Top of GIVEN DATA
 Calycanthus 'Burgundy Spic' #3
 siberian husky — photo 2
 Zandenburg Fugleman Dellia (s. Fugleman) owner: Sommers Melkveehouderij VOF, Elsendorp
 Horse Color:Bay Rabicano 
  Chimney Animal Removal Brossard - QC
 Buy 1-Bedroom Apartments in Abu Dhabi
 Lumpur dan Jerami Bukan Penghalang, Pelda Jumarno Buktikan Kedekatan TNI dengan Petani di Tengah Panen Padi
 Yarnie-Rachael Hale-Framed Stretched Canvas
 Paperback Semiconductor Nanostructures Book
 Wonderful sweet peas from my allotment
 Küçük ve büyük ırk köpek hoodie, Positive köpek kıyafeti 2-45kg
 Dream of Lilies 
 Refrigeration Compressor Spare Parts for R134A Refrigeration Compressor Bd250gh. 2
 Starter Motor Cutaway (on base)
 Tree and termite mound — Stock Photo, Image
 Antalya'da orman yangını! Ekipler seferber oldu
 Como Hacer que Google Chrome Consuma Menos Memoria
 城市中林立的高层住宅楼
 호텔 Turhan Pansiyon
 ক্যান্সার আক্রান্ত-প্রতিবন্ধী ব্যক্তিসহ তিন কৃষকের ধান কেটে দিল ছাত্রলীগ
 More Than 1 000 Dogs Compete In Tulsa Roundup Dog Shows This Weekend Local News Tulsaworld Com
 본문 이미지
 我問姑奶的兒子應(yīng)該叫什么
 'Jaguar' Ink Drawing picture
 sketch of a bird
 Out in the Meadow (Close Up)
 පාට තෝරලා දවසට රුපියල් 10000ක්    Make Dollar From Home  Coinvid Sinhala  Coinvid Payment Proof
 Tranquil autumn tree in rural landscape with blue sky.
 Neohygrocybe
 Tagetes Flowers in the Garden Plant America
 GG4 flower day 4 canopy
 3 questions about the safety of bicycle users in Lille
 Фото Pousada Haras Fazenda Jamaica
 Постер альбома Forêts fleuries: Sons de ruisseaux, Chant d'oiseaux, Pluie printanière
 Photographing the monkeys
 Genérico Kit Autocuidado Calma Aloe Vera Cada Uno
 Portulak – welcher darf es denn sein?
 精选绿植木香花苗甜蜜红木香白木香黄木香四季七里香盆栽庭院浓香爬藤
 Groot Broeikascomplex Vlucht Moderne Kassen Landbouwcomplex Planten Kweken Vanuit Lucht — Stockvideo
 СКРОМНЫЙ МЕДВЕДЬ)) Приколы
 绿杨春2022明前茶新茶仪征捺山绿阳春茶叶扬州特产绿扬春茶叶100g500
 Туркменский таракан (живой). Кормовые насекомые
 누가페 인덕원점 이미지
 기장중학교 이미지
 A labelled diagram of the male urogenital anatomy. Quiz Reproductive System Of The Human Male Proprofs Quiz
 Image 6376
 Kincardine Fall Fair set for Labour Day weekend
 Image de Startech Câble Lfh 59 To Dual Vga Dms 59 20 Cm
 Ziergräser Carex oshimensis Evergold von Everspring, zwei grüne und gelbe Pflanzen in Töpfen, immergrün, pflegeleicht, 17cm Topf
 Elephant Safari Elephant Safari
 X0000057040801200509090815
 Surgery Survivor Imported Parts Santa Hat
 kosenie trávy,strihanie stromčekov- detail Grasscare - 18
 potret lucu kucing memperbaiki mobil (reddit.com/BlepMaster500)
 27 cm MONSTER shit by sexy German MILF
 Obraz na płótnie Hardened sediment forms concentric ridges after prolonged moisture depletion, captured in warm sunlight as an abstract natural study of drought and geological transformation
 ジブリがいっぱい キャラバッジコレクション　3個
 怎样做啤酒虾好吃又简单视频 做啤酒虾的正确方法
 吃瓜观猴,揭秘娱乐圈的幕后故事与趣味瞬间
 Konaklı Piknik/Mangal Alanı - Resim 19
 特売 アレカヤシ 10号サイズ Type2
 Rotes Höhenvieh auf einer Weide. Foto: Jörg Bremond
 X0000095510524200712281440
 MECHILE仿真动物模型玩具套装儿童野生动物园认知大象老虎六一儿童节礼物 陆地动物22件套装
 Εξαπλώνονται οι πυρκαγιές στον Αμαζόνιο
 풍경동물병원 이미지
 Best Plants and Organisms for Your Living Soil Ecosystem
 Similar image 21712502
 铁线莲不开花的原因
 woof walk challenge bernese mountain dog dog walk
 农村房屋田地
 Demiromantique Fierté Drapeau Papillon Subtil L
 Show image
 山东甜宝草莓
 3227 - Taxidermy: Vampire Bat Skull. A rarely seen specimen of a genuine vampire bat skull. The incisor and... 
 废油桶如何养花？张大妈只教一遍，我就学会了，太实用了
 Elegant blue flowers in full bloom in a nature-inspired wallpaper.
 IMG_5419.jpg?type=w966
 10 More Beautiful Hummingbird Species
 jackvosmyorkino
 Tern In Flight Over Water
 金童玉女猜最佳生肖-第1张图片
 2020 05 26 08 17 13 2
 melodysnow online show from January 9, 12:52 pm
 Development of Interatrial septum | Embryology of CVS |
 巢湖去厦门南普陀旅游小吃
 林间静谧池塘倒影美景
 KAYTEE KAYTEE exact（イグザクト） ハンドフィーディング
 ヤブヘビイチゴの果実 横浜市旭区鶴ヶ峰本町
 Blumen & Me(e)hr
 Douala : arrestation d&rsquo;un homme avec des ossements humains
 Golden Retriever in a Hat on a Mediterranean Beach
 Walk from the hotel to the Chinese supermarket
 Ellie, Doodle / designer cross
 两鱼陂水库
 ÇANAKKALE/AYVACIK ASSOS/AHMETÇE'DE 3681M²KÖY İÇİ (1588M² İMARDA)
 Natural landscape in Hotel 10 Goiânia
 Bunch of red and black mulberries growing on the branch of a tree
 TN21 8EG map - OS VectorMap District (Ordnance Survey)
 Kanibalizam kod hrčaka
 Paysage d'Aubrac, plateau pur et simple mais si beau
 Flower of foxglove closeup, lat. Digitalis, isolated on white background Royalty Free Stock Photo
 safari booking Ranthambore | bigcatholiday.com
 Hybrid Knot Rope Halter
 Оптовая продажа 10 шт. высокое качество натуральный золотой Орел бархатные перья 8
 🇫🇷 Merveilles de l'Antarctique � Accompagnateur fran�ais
Bottom of GIVEN DATA
**REQUIRED ACTION**
Give back the complete data, each line unchanged.

**TASK SOLUTION**
 Calycanthus 'Burgundy Spic' #3
 siberian husky — photo 2
 Zandenburg Fugleman Dellia (s. Fugleman) owner: Sommers Melkveehouderij VOF, Elsendorp
 Horse Color:Bay Rabicano 
  Chimney Animal Removal Brossard - QC
 Buy 1-Bedroom Apartments in Abu Dhabi
 Lumpur dan Jerami Bukan Penghalang, Pelda Jumarno Buktikan Kedekatan TNI dengan Petani di Tengah Panen Padi
 Yarnie-Rachael Hale-Framed Stretched Canvas
 Paperback Semiconductor Nanostructures Book
 Wonderful sweet peas from my allotment
 Küçük ve büyük ırk köpek hoodie, Positive köpek kıyafeti 2-45kg
 Dream of Lilies 
 Refrigeration Compressor Spare Parts for R134A Refrigeration Compressor Bd250gh. 2
 Starter Motor Cutaway (on base)
 Tree and termite mound — Stock Photo, Image
 Antalya'da orman yangını! Ekipler seferber oldu
 Como Hacer que Google Chrome Consuma Menos Memoria
 城市中林立的高层住宅楼
 호텔 Turhan Pansiyon
 ক্যান্সার আক্রান্ত-প্রতিবন্ধী ব্যক্তিসহ তিন কৃষকের ধান কেটে দিল ছাত্রলীগ
 More Than 1 000 Dogs Compete In Tulsa Roundup Dog Shows This Weekend Local News Tulsaworld Com
 본문 이미지
 我問姑奶的兒子應(yīng)該叫什么
 'Jaguar' Ink Drawing picture
 sketch of a bird
 Out in the Meadow (Close Up)
 පාට තෝරලා දවසට රුපියල් 10000ක්    Make Dollar From Home  Coinvid Sinhala  Coinvid Payment Proof
 Tranquil autumn tree in rural landscape with blue sky.
 Neohygrocybe
 Tagetes Flowers in the Garden Plant America
 GG4 flower day 4 canopy
 3 questions about the safety of bicycle users in Lille
 Фото Pousada Haras Fazenda Jamaica
 Постер альбома Forêts fleuries: Sons de ruisseaux, Chant d'oiseaux, Pluie printanière
 Photographing the monkeys
 Genérico Kit Autocuidado Calma Aloe Vera Cada Uno
 Portulak – welcher darf es denn sein?
 精选绿植木香花苗甜蜜红木香白木香黄木香四季七里香盆栽庭院浓香爬藤
 Groot Broeikascomplex Vlucht Moderne Kassen Landbouwcomplex Planten Kweken Vanuit Lucht — Stockvideo
 СКРОМНЫЙ МЕДВЕДЬ)) Приколы
 绿杨春2022明前茶新茶仪征捺山绿阳春茶叶扬州特产绿扬春茶叶100g500
 Туркменский таракан (живой). Кормовые насекомые
 누가페 인덕원점 이미지
 기장중학교 이미지
 A labelled diagram of the male urogenital anatomy. Quiz Reproductive System Of The Human Male Proprofs Quiz
 Image 6376
 Kincardine Fall Fair set for Labour Day weekend
 Image de Startech Câble Lfh 59 To Dual Vga Dms 59 20 Cm
 Ziergräser Carex oshimensis Evergold von Everspring, zwei grüne und gelbe Pflanzen in Töpfen, immergrün, pflegeleicht, 17cm Topf
 Elephant Safari Elephant Safari
 X0000057040801200509090815
 Surgery Survivor Imported Parts Santa Hat
 kosenie trávy,strihanie stromčekov- detail Grasscare - 18
 potret lucu kucing memperbaiki mobil (reddit.com/BlepMaster500)
 27 cm MONSTER shit by sexy German MILF
 Obraz na płótnie Hardened sediment forms concentric ridges after prolonged moisture depletion, captured in warm sunlight as an abstract natural study of drought and geological transformation
 ジブリがいっぱい キャラバッジコレクション　3個
 怎样做啤酒虾好吃又简单视频 做啤酒虾的正确方法
 吃瓜观猴,揭秘娱乐圈的幕后故事与趣味瞬间
 Konaklı Piknik/Mangal Alanı - Resim 19
 特売 アレカヤシ 10号サイズ Type2
 Rotes Höhenvieh auf einer Weide. Foto: Jörg Bremond
 X0000095510524200712281440
 MECHILE仿真动物模型玩具套装儿童野生动物园认知大象老虎六一儿童节礼物 陆地动物22件套装
 Εξαπλώνονται οι πυρκαγιές στον Αμαζόνιο
 풍경동물병원 이미지
 Best Plants and Organisms for Your Living Soil Ecosystem
 Similar image 21712502
 铁线莲不开花的原因
 woof walk challenge bernese mountain dog dog walk
 农村房屋田地
 Demiromantique Fierté Drapeau Papillon Subtil L
 Show image
 山东甜宝草莓
 3227 - Taxidermy: Vampire Bat Skull. A rarely seen specimen of a genuine vampire bat skull. The incisor and... 
 废油桶如何养花？张大妈只教一遍，我就学会了，太实用了
 Elegant blue flowers in full bloom in a nature-inspired wallpaper.
 IMG_5419.jpg?type=w966
 10 More Beautiful Hummingbird Species
 jackvosmyorkino
 Tern In Flight Over Water
 金童玉女猜最佳生肖-第1张图片
 2020 05 26 08 17 13 2
 melodysnow online show from January 9, 12:52 pm
 Development of Interatrial septum | Embryology of CVS |
 巢湖去厦门南普陀旅游小吃
 林间静谧池塘倒影美景
 KAYTEE KAYTEE exact（イグザクト） ハンドフィーディング
 ヤブヘビイチゴの果実 横浜市旭区鶴ヶ峰本町
 Blumen & Me(e)hr
 Douala : arrestation d&rsquo;un homme avec des ossements humains
 Golden Retriever in a Hat on a Mediterranean Beach
 Walk from the hotel to the Chinese supermarket
 Ellie, Doodle / designer cross
 两鱼陂水库
 ÇANAKKALE/AYVACIK ASSOS/AHMETÇE'DE 3681M²KÖY İÇİ (1588M² İMARDA)
 Natural landscape in Hotel 10 Goiânia
 Bunch of red and black mulberries growing on the branch of a tree
 TN21 8EG map - OS VectorMap District (Ordnance Survey)
 Kanibalizam kod hrčaka
 Paysage d'Aubrac, plateau pur et simple mais si beau
 Flower of foxglove closeup, lat. Digitalis, isolated on white background Royalty Free Stock Photo
 safari booking Ranthambore | bigcatholiday.com
 Hybrid Knot Rope Halter
 Оптовая продажа 10 шт. высокое качество натуральный золотой Орел бархатные перья 8
 🇫🇷 Merveilles de l'Antarctique � Accompagnateur fran�ais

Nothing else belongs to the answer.